When a check fails, the agent really wants to make it green. It might fix the code or weaken the rule, which means: raise a threshold, extend an ignore list, apply a #noqa comment. The bad news: Models are trained on data created by humans so weakening the rule looks as valid as fixing the issue. And one thing hasn't changed too: fixing the issue is almost always harder.

So a raw tool output is not enough. I suggest this best practice:

wrap the tool in a custom script
on error emit an instructive message
the message focuses on how to fix quantitatively and qualitatively

If the tool needs it, give it a very small bypass window and instruct the agent to document the reasoning and tag it as a bypass. This gives a reviewer the chance to see why the decision was made.

This is one of my hooks, type coverage at 100 percent.
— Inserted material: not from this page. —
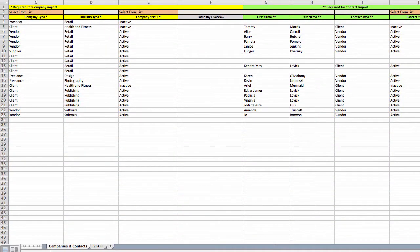Hi there, welcome to the video on importing your company's contacts and staff. We're going to talk about how to fill out the Excel workbook for getting your data into FunctionPoint. After you've filled out the workbook, you can send it to your consultant who will do the import for you.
if ! bunx type-coverage --strict --detail --at-least 100 2>&1; then
  echo ""
  echo "✗ Type coverage is below 100%."
  echo ""
  echo "  THE ONLY CORRECT FIX IS TO PROPERLY TYPE THE REPORTED EXPRESSION."
  echo ""
  echo "  This means: define an interface or type for the data, annotate the"
  echo "  variable, narrow with a type guard — whatever it takes. Even if it"
  echo "  is a lot of work, that work is always the right answer."
  echo ""
  echo "  Suppression (type-coverage:ignore-next-line / ignore-file) and blind"
  echo "  casts (as SomeType) are introducing technical debt and are only"
  echo "  permitted when it is 100% certain that no proper typing is possible"
  echo "  (e.g. a 3rd-party API with no published schema and no way to infer"
  echo "  one from the code). If you reach for suppression before exhausting"
  echo "  proper typing options, you are doing it wrong."
  echo ""
  echo "  When suppression truly cannot be avoided, add a BYPASS-JUSTIFICATION"
  echo "  comment on the line above explaining exactly why proper typing is"
  echo "  impossible — not just inconvenient."
  exit 1
fi

The wording is not cosmetic. An earlier version of this message gave the bypass the same weight as the fix, token wise and from the wording. On a large codebase the model took the cheap path and bypassed everywhere. It even put real effort into the justifications. I changed the message to the one you see here, and this version flipped the result from escaping to fixing.

This is the craft now: The tool creates the deterministic gate, pass or fail. The error message gives the model the instruction on how to react to it properly instead of randomly. You need both, and the tooling and the error message is where the work is.